Ⅲ:Wir wünschen Ihnen einen guten Flug!( Have a nice fligt!)
 すでに本書を読み通された読者ならご存じのように、本書の結びは、ミネルヴァの梟に夜間飛行に飛び立てと励ます言葉となっている。この「夜間飛行」とは、全体社会の記述と分析、すなわち『社会の……』シリーズの刊行のことに他ならない。ノイラートの船ならぬルーマンの飛行機では、夜間飛行の前に、あるいは飛行しながら機体の整備をするには及ばない。そんなことは不要だし、不可能でもある。「おまえはすでに飛んでいる」のだから。
 言うまでもなく本書の意義は、以上述べてきたような「理論」というものの位置替え(déplacement)に尽きるものではない。本書は内容的にはほとんど現代社会学の百科事典と呼べるものであり、読み通すならば(必ずしも最初から終わりに向かって、である必要はないが)、現代社会学において常に用いられている多様な概念の用法があるいは読み替えられ、修正され、批判されているのに出会うだろう。意味、理解、コミュニケーション、行為、役割、価値、情報、構造、構造変化、相互行為、「社会と人間」、コンフリクト、歴史と進化等々。読者がルーマンによるそれらの議論を追尾し、受け入れるないし拒絶することもまた、コミュニケーションであり、科学という、あるいはその外に広がる全体社会という社会システムを現に動かしている現実的な作動なのである。読者が本書の抽象的な議論に辟易し、「こんなもの何の役にもたたない」と腹を立てて本を閉じる(投げ捨てる、売り払う、破く、焼く等)こともあるかもしれない。おそらくそれこそが蓋然性の高い結果なのだろう。しかしそれらもまた社会システムの中でのコミュニケーションの一環、ないしはその結果なのであって、何らかの変化をもたらしたという点では、紛れもない事実である。少なくとも「無」ではない。読者がどんな反応を示そうとも、それもまた夜間飛行の一局面なのである。訳者にできるのは、その飛行ができるだけ実り多いものであるよう祈ることだけである─ただし何が実り多いのかもまた予め決められているわけではなく、本書を踏まえた経験的観察によって明らかにされるしかないのだが(この点ではルーマンの議論は、徹頭徹尾「索出的」である)。
 ともあれ、よい空の旅を!
 
 翻訳作業の過程で、多くの方々のお世話になった。何よりもまず、本書の訳出企画をご提案いただいた、勁草書房編集部の渡邊光氏にお礼を申し上げたい。
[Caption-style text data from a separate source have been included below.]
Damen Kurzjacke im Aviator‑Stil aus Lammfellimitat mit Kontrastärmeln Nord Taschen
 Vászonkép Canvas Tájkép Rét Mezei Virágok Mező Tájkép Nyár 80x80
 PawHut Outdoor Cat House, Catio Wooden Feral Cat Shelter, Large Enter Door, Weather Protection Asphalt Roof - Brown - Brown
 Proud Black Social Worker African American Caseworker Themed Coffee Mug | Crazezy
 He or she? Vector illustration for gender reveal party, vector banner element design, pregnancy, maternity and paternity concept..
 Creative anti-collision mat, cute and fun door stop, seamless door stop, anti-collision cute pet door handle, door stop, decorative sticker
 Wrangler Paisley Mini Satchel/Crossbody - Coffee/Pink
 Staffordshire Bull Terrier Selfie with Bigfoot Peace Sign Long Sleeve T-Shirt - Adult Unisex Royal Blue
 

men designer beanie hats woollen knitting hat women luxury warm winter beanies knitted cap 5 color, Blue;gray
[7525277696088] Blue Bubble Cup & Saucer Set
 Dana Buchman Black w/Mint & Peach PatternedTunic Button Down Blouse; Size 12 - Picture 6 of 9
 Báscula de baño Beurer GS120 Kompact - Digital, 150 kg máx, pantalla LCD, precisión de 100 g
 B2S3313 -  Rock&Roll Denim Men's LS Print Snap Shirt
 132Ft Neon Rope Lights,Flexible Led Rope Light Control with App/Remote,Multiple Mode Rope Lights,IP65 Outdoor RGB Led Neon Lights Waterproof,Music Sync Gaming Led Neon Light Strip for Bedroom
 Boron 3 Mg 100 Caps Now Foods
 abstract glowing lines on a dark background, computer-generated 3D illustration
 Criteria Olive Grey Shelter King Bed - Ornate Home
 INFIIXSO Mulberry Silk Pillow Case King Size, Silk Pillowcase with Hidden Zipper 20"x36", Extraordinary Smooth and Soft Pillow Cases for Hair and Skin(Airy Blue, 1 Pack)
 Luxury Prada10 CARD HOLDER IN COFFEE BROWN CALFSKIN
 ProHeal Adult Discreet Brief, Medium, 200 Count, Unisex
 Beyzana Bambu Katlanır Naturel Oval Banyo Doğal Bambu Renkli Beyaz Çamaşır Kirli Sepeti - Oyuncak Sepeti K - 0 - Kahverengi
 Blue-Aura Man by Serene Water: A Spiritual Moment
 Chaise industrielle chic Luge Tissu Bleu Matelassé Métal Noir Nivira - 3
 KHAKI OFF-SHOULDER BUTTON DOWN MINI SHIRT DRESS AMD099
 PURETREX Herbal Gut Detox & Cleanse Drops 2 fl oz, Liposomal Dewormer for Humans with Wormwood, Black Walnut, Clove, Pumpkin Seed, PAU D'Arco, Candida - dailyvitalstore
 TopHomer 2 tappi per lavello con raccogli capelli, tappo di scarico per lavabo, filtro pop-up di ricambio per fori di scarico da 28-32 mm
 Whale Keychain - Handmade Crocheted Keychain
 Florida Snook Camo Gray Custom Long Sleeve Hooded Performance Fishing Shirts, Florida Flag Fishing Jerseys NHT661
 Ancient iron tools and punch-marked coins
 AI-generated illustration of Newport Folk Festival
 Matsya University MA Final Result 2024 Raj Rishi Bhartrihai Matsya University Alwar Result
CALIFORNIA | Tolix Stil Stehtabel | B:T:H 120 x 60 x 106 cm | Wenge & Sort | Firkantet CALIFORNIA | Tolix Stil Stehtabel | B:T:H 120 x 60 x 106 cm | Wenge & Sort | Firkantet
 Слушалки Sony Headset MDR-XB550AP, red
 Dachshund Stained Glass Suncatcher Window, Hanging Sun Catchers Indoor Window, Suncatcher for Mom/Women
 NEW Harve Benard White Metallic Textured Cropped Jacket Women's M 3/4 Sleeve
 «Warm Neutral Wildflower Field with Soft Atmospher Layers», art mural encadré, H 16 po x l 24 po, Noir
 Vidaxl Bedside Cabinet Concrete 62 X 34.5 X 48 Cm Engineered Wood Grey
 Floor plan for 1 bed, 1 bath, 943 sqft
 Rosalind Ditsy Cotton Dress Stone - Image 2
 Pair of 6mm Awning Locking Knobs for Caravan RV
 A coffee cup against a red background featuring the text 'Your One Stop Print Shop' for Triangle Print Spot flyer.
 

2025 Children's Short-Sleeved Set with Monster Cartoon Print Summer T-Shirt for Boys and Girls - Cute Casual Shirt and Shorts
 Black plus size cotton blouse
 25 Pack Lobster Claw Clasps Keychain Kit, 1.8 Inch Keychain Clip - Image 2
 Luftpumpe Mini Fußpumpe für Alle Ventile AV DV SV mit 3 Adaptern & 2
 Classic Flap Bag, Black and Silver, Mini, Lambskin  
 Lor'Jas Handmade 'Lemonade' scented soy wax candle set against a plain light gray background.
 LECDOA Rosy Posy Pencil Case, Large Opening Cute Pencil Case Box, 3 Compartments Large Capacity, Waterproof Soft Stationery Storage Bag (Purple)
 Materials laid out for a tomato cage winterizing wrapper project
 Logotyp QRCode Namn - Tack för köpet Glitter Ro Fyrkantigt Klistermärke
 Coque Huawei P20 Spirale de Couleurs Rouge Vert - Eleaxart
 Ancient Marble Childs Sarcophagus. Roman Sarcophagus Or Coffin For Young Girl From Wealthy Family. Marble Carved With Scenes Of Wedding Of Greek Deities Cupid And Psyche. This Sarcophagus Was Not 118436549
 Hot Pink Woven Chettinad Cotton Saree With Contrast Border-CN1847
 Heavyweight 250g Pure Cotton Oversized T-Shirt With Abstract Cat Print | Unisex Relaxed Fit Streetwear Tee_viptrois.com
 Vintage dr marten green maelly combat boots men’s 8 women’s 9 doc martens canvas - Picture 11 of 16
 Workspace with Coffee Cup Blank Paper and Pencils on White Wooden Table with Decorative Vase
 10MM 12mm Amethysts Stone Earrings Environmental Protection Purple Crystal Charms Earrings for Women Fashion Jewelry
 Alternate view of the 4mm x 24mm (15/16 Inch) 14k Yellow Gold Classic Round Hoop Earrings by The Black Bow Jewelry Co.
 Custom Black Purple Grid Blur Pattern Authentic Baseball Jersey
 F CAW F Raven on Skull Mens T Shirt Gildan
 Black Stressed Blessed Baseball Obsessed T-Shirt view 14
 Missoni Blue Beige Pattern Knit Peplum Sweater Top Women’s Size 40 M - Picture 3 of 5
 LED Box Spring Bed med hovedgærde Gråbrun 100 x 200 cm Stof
また以下の方々からは、訳文作成と校正作業の過程で多大な御教示をいただいた。心より感謝申し上げる。酒井泰斗(「ルーマン・フォーラム」主宰)、玄潤慶(ソウル大学社会学博士)、梅田拓也(東京大学大学院)、橋本鉄平、樋口あゆみ(東京大学大学院)、梅村麦生(日本学術振興会)。加えて、長岡克行先生(東京経済大学名誉教授)からも、本訳書作成のための準備草稿に関して、多大な御教示をいただいた。本書が先生の御学恩に少しでも応えられるものになっていればよいのだが。
 さらに、訳者の相変わらずの体調不良と日々の仕事にもかかわらず、何とか「あとがき」までたどり着けたのは、大東文化大学社会学部の教職員の皆様のサポートあってのことである。ありがとうございました。
 最後に、本書に出会った時から(訳者の手元には、ルーマンのサイン入りの本書初版が残っている─ほとんどバラバラになってはいるが)、いつかはと希望し続けてきた本書の訳出を何とか成し遂げた自分を褒めてやりたい─が、それは止めておこう。体力・知力の衰えを実感する昨今とはいえ、時に向かって「留まれ、お前はいかにも美しい」と口にするには、まだ少し早すぎると思うからだ。